**Task requirements**
Search the records for the word "Yellow". Copy every line where it appears.
Provided records: Begin
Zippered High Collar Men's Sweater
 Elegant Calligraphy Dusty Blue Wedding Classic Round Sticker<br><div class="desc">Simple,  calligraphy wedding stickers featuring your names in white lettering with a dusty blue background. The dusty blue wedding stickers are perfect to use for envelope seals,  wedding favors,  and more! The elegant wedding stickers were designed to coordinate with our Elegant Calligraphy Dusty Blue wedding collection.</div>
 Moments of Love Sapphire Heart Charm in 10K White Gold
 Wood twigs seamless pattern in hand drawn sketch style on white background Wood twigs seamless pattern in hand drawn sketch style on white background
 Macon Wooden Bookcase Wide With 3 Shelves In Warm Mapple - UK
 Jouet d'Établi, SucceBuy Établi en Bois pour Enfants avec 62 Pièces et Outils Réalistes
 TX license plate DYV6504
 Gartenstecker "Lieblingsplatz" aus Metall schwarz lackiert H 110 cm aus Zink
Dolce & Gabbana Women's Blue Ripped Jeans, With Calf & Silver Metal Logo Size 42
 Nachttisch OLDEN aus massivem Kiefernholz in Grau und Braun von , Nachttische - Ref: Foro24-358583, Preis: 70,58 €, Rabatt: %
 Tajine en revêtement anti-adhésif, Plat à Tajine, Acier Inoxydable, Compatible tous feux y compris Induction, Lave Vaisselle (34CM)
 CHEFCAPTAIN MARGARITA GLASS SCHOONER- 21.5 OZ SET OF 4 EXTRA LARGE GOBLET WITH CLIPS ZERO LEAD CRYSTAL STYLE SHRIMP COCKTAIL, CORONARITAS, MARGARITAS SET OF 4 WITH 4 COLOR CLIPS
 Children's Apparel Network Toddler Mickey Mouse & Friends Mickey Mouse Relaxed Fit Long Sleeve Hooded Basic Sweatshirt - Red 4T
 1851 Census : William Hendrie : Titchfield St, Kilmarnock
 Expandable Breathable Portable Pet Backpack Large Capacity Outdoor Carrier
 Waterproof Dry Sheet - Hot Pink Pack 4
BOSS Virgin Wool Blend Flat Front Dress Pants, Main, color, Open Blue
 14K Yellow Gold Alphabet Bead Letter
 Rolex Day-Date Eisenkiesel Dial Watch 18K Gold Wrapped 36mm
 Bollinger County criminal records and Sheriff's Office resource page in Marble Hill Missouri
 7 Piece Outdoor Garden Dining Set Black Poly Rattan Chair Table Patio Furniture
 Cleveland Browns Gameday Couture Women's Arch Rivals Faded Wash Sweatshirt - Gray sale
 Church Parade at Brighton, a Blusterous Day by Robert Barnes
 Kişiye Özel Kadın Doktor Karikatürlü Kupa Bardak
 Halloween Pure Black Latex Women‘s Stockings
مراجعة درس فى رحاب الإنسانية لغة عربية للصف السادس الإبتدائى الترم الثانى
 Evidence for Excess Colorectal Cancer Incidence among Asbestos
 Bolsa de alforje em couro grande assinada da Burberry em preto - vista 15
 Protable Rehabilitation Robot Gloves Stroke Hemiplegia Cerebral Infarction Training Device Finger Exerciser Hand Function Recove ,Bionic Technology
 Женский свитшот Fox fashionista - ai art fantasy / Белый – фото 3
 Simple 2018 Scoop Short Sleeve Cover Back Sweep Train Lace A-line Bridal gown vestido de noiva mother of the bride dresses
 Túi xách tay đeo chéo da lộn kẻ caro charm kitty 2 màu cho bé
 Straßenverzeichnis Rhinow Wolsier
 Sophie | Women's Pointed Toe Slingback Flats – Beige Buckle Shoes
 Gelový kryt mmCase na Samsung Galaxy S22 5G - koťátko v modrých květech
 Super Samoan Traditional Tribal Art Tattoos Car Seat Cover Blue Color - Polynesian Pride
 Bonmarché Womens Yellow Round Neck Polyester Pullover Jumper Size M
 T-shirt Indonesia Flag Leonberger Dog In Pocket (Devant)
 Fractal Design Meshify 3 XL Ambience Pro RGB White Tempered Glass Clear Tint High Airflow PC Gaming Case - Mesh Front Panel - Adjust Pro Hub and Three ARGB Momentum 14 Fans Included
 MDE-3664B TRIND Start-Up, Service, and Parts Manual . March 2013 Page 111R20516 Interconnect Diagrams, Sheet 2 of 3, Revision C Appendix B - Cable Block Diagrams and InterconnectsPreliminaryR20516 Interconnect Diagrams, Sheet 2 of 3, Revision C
Provided records: End
**Answer space**
 14K Yellow Gold Alphabet Bead Letter
 Bonmarché Womens Yellow Round Neck Polyester Pullover Jumper Size M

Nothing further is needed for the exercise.